[WHAT THE TASK REQUIRES]: Pictures within the data are to be left out; everything else must be reproduced exactly.

[DATA PROVIDED]:
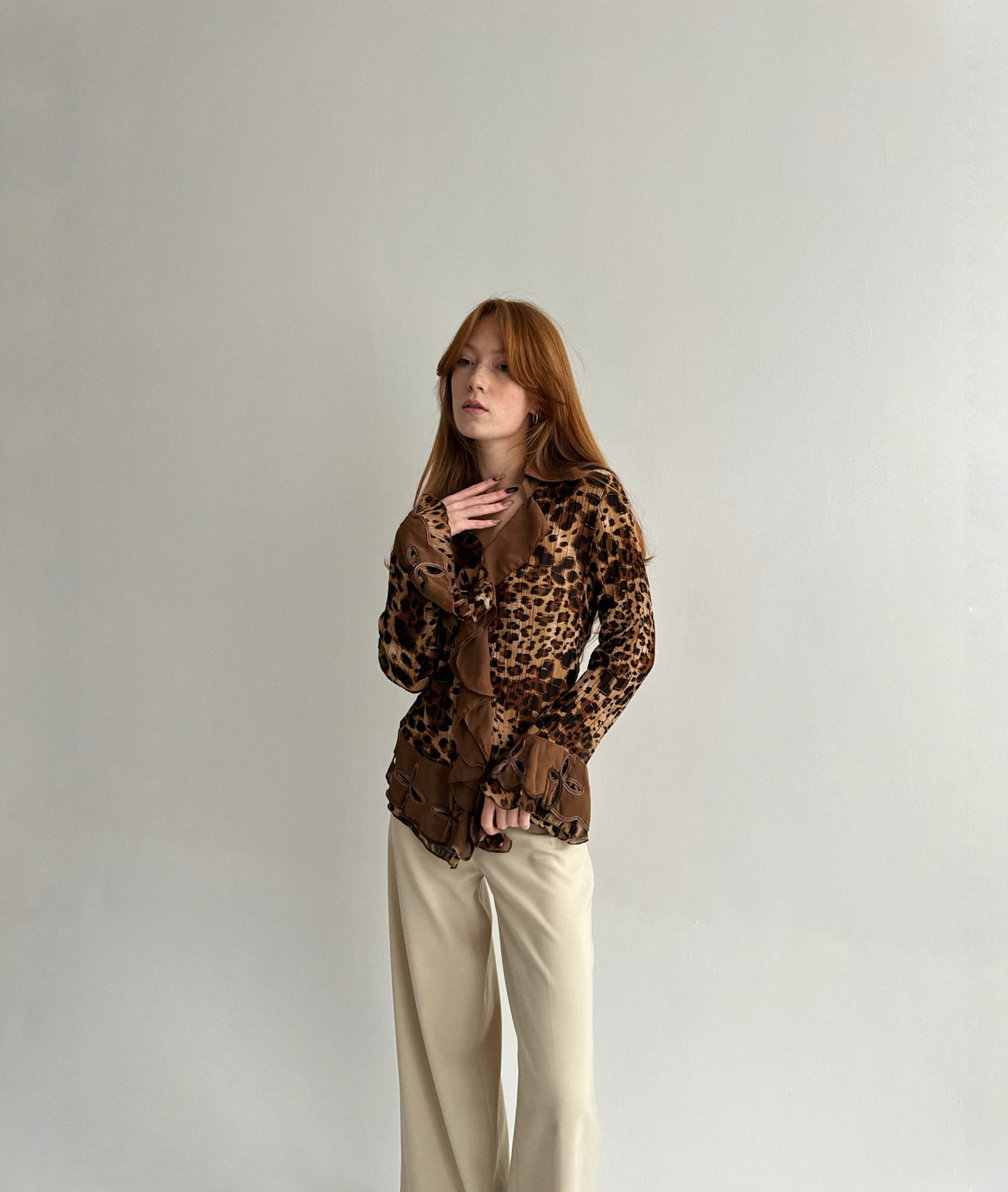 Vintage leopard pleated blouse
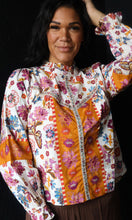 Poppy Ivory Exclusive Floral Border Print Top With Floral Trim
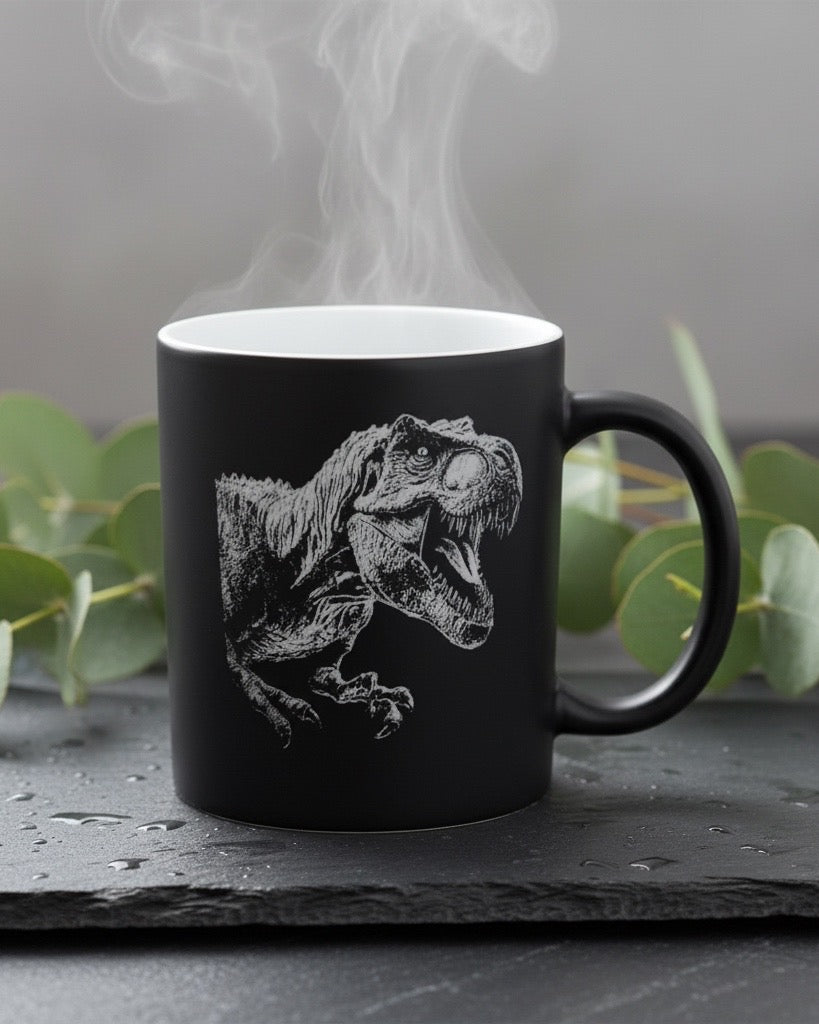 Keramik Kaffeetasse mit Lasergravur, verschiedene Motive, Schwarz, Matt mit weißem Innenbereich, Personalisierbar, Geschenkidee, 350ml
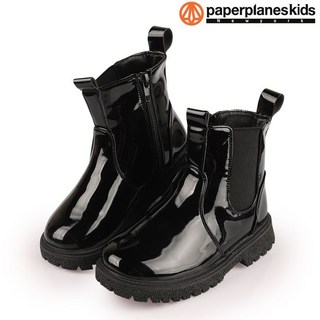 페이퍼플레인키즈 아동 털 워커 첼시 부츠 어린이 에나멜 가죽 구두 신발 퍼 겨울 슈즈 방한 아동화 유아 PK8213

[EXERCISE RESULT]:
 Vintage leopard pleated blouse
 Poppy Ivory Exclusive Floral Border Print Top With Floral Trim
 Keramik Kaffeetasse mit Lasergravur, verschiedene Motive, Schwarz, Matt mit weißem Innenbereich, Personalisierbar, Geschenkidee, 350ml
 페이퍼플레인키즈 아동 털 워커 첼시 부츠 어린이 에나멜 가죽 구두 신발 퍼 겨울 슈즈 방한 아동화 유아 PK8213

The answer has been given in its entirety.